Kulağınızdan burnunuza giden bir kanalın tıkanmış olmasının sebep olduğu ağrıyı çektiğiniz zamanlar yaşamak istemezsiniz, hakkınız var buna. Katlanılacak gibi değil. O iğrenç burun spreylerini kullanmak zorunda kalmakta cabası.
yeni yazıcının driverını bulamamam. sipariş edilen kartuş ve ofis malzemelerinin hala gelmemesi vs. vs. ofis çalışanı olmak zor. gidin öğretmen olun polis olun da ofis ile ilgili bi işe girmeyin.
şu an ofiste yalınayak geziyorum şükür ki yerler halıyla kaplı.
ofis arkadaşlarıma da gün doğdu dalga geçip duruyorlar benimle;
- "tuvalet terliği var onu giyer misin" diye.

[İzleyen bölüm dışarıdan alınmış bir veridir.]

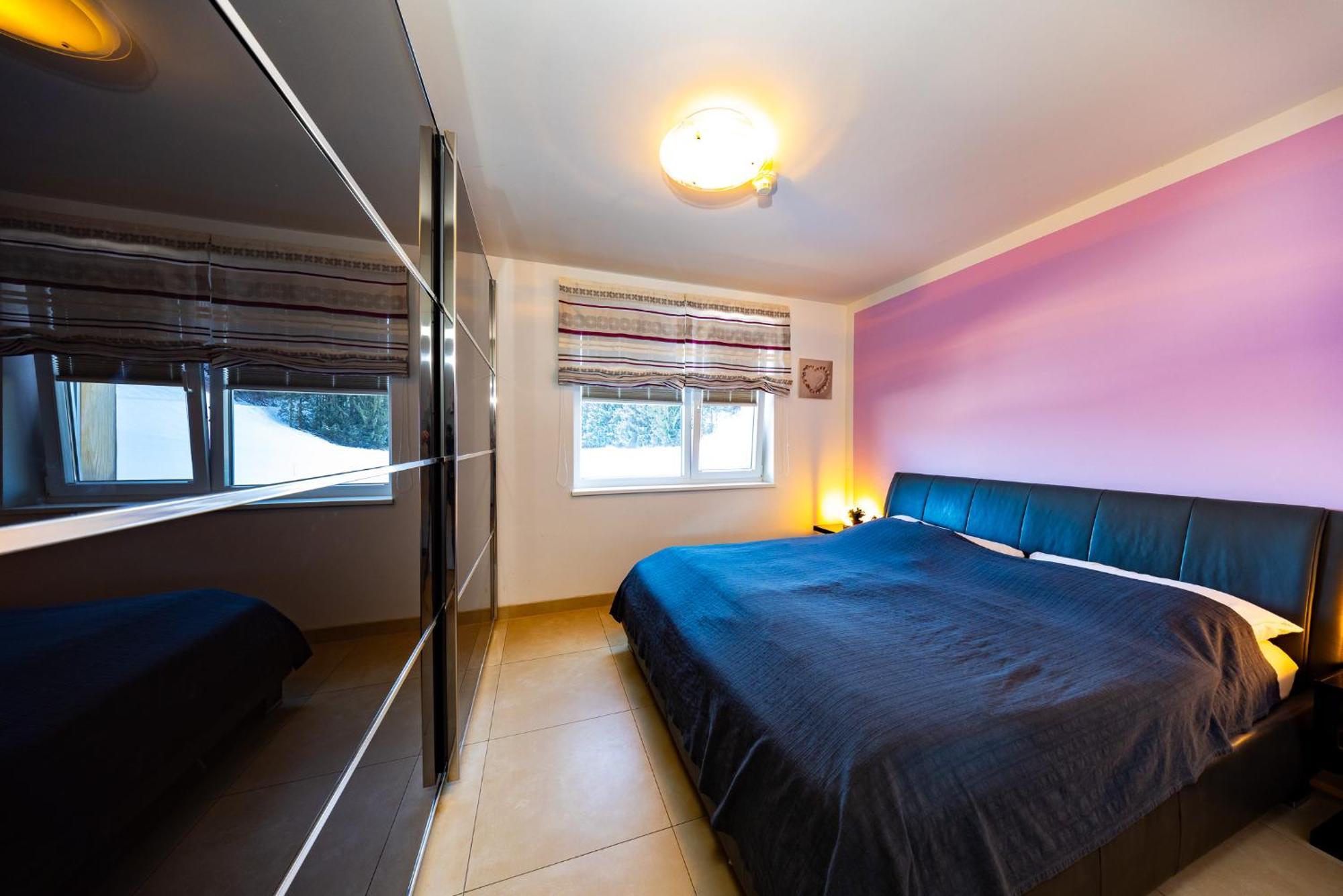 Appartement Klosterhuegel Гаус-ім-Енншталь Екстер'єр фото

Bugün başıma gelen olaydır. Beş kişi gittiğimiz bir öğle yemeğinden sonra kalkıp hesap kapatmaya gittik. Garson ilk önce kızın borcunu söyledi fakat hatun kişi parayı çıkartırken(uzun sürer) sabırsız bir zat olan ben ''hocam şurdan'' diye garsona dolmuş para uzatma tarzıyla(iki parmak arasına sıkıştırılmış ikiye katlı banknot) parayı uzatıyordum ki hatun kişinin yüzüme hayırdır bakışı attığını görerek kendisine ''ben kendi paramı ödüyorum senlik bir şey yok'' tarzında(ufak farklılıklar olabilir) bir izahat verme gereği duydum. umarım böyle boş hallendiği için biraz olsun utanmıştır...

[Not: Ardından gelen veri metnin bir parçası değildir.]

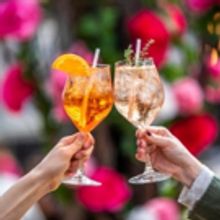 SERRA FIORITA Opens at Eataly in the Flatiron and the Eataly Restaurant Fest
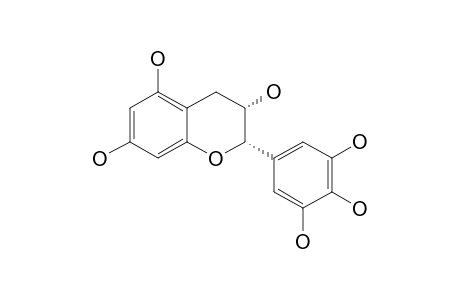 (-)-Epigallocatechin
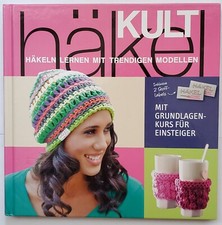 Häkel kult häkeln lernen - hÄkel-kult,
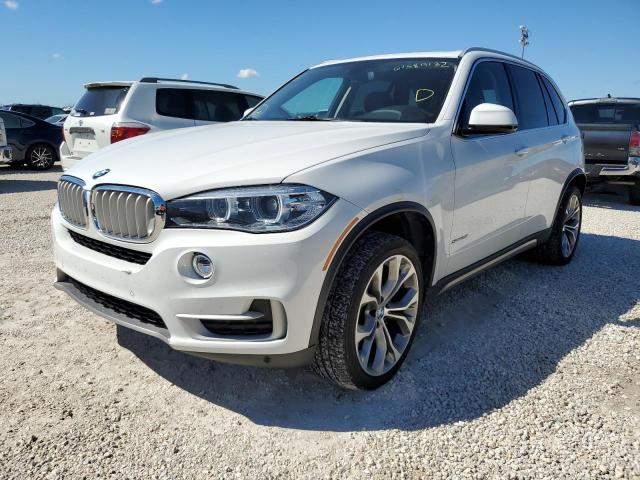 Photo 2 from auction – 2015 BMW X5 SDRIVE3 with VIN 5UXKR2C53F0H35955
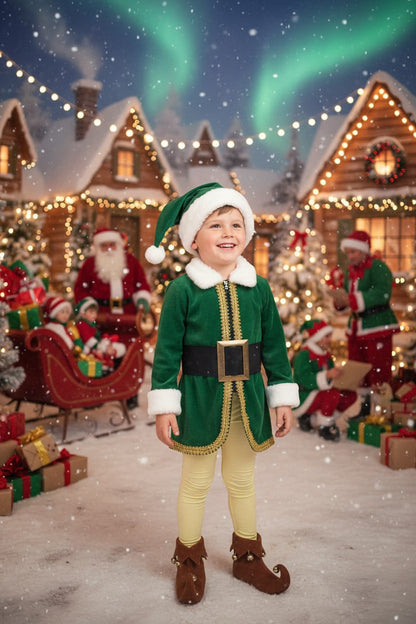 THE ELF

mutlulukla ve iyi niyetle birşeyler yaparken, söylerken vs; yanlış anlaşılmak, kişi büyükse terslenmek, o kişinin sizi bi anda bozması, laf sokması. O an duruma göre ya kafa atmak ya da küfürü basıp intizar ederek mekanı terk etmek gelir içimden.
Edit: tişört üstüne yün hırkayla dışarı çıkıp, hem yünün etkisiyle için için yanıp terlemek hem de buz gibi rüzgarın vurmasıyla donmak hepsini döver, hayattan iki anlamda da soğudum, üçüncü anlamla da terledim ulan.